The baking itch strikes again! I haven't made anything in a while (my apologies for a lack of recipe posts) so definitely needed to make something fun and easy. Since I'm going to be home this whole week after work for the most part, it just leaves me to baking rather than cooking. With extra white chocolate chips left over, it was time to make some red velvet white chocolate chip cookies. Also, how Asian can I get? I made these with chopsticks! Of course, you could use your beater if you want. There were several recipes online with very similar ingredients and measurements, if not the exact recipe, so I'll just link the first one I found (and adapted) - The Curvy Carrot.

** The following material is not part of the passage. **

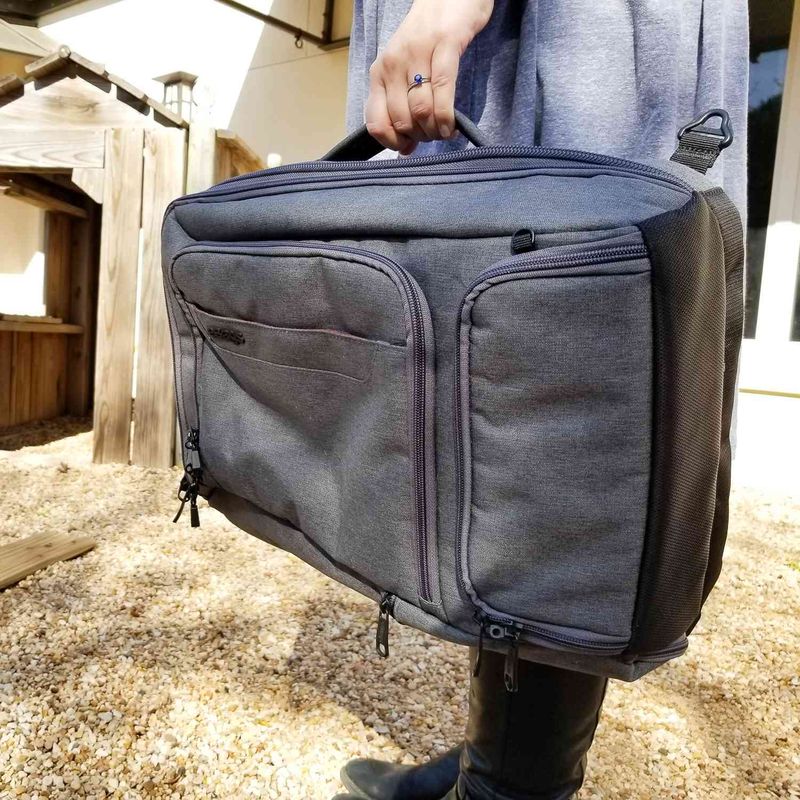 eBags Professional Slim Laptop Backpack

Why not give these a whirl as patriotic cookies before the 4th of July?
Step 1: Ingredients (yields 1.5 dozen, or 18, cookies)
- red food coloring
- 1/4 tsp salt
- 1/3 cup cocoa powder, unsweetened
- 1/2 cup white chocolate chips
- 1/2 cup unsalted butter, softened
- 1/2 cup granulated sugar
- 1/2 cup light brown sugar
- 1 tsp vanilla extract
- 1 tsp baking soda
- 1 large egg
- 1.5 cups all-purpose flour
Step 2: Mixing the wet ingredients
Cream together butter and sugars in a mixing bowl (medium-high speed with mixer). Add in the egg and vanilla extract and mix until thoroughly combined. Add in food coloring until desired red.
Step 3: Mixing the dry ingredients
Preheat oven to 375°. In another bowl, sift together dry ingredients of salt, cocoa powder, baking soda, and flour.
Step 4: Finishing
Add together the wet and dry ingredients until fully combined (I had to add more food coloring here until it was red enough); then, add in white chocolate chips. Roll pieces into 1"-1.5" balls and place on a baking sheet. Flatten cookie mounds and place into the oven for 10-12 minutes. Once out, enjoy! It was delicious warm out of the oven and mixed into some vanilla ice cream so give that one a shot!